**Activity**
Restate the data below word for word. Leave the images out.

**The data**
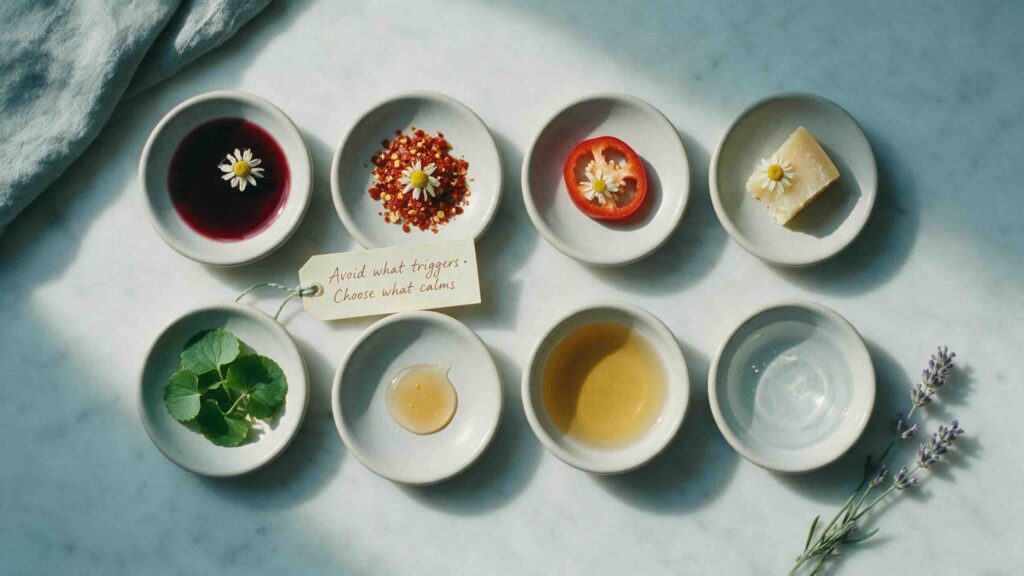 Aesthetic overhead still-life on a pale cool marble surface of two horizontal rows of small unglazed ceramic dishes the upper row holding common rosacea trigger substances a small pool of red wine a chili flake pile a hot pepper cross-section and a tiny wedge of aged cheese with a single dried chamomile flower across each and the lower row holding calming antidotes fresh centella leaves azelaic acid droplet chamomile tea and thermal spring water in soft cool afternoon light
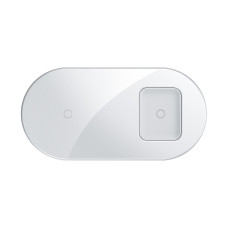 Бездротове зарядне пристрій Simple 18W 2 в 1 для одночасної зарядки смартфонів і навушників Apple AirPods, біле, WXJK-02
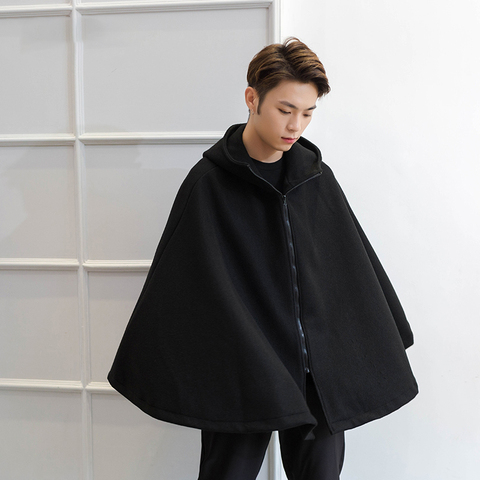 M-4XL woolen cape coat men's bat-type autumn and winter hooded coat men's hoodie coat men's woolen cape cape tide ► Photo 1/6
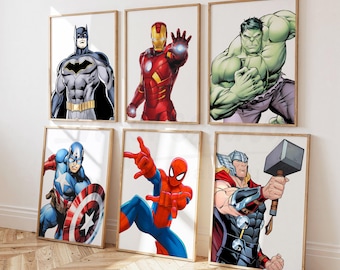 Superhero Prints, Set of 6, playroom wall decor (Digital Download)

**Finished exercise**
 Aesthetic overhead still-life on a pale cool marble surface of two horizontal rows of small unglazed ceramic dishes the upper row holding common rosacea trigger substances a small pool of red wine a chili flake pile a hot pepper cross-section and a tiny wedge of aged cheese with a single dried chamomile flower across each and the lower row holding calming antidotes fresh centella leaves azelaic acid droplet chamomile tea and thermal spring water in soft cool afternoon light
 Бездротове зарядне пристрій Simple 18W 2 в 1 для одночасної зарядки смартфонів і навушників Apple AirPods, біле, WXJK-02
 M-4XL woolen cape coat men's bat-type autumn and winter hooded coat men's hoodie coat men's woolen cape cape tide ► Photo 1/6
 Superhero Prints, Set of 6, playroom wall decor (Digital Download)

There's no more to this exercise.